Archetypes and SNOMED

Observations using SNOMED

Most clinical observations have two parts - the name of the thing being observed, and the value or result of the observation. What is being observed is (almost?) always descriptive - the height of a person, the mass concentration of HbA1c in the blood, the level of pain experienced, etc. Thus, these names are candidates for being held in a terminology.

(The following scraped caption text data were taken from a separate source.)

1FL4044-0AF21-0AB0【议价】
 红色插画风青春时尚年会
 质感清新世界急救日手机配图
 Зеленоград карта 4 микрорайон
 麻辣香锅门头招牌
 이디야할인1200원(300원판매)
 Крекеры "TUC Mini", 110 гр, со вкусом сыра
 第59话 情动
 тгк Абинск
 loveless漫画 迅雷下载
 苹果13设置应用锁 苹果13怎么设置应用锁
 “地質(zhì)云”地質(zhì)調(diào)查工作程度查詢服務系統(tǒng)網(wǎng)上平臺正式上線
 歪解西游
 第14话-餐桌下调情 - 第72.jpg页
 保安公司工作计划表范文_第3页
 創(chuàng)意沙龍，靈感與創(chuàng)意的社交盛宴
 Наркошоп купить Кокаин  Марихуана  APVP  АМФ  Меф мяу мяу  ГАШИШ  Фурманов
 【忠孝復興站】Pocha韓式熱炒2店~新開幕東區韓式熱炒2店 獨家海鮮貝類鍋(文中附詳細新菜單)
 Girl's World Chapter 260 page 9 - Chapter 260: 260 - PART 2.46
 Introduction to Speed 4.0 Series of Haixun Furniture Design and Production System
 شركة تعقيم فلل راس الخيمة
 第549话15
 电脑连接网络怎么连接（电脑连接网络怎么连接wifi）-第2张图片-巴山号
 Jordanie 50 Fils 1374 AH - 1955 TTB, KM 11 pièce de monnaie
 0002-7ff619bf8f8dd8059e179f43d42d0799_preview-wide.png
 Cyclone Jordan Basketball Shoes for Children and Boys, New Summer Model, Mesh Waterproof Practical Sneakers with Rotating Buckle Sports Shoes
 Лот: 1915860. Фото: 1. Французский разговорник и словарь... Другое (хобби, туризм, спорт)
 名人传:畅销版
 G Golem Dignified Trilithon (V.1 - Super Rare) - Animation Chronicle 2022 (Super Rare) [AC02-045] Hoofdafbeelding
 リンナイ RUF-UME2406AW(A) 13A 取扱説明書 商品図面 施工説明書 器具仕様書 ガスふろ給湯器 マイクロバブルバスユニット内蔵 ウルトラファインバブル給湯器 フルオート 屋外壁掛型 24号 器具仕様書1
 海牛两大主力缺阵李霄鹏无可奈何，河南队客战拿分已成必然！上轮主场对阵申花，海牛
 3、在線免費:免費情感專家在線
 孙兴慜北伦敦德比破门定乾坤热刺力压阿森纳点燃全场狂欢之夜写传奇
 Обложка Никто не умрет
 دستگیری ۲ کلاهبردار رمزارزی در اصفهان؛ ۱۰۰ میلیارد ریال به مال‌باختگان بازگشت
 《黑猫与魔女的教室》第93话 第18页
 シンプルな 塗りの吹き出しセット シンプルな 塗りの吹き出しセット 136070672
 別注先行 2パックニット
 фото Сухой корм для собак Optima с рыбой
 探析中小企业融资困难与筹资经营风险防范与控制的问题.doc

So much so, in fact, that HL7 in it's V3 Reference Information Model, calls the name of what is being observed the Observation.code. Not so, the result of the observation. This can be, and often is quantitative. It can be a date or a ratio or one of a host of other datatypes. It can be a compound data structure. Again, in the HL7 V3 Observation class, the result of the observation is Observation.value and has a datatype of ANY. The reason for mentioning HL7 here is that some of the HL7 approach to data representation and messaging has influenced the development of SNOMED. Of particular note is that HL7 has one data structure for recording observations - the Observation class with its code and value just described. The assumption is that data already exists in systems and for clinical communication to another system, each observation needs to be placed into an Observation object and these Observations can be bundled up into a message. There is no notion of predefining different observation structures for different clinical concepts à la Archetypes. Thus, users of HL7 need considerable guidance in how to use SNOMED concepts in HL7
Observation objects (populating the Observation.code, Observation.value and other context-related codes), lest every implementation adopts a different approach, subverting interoperability.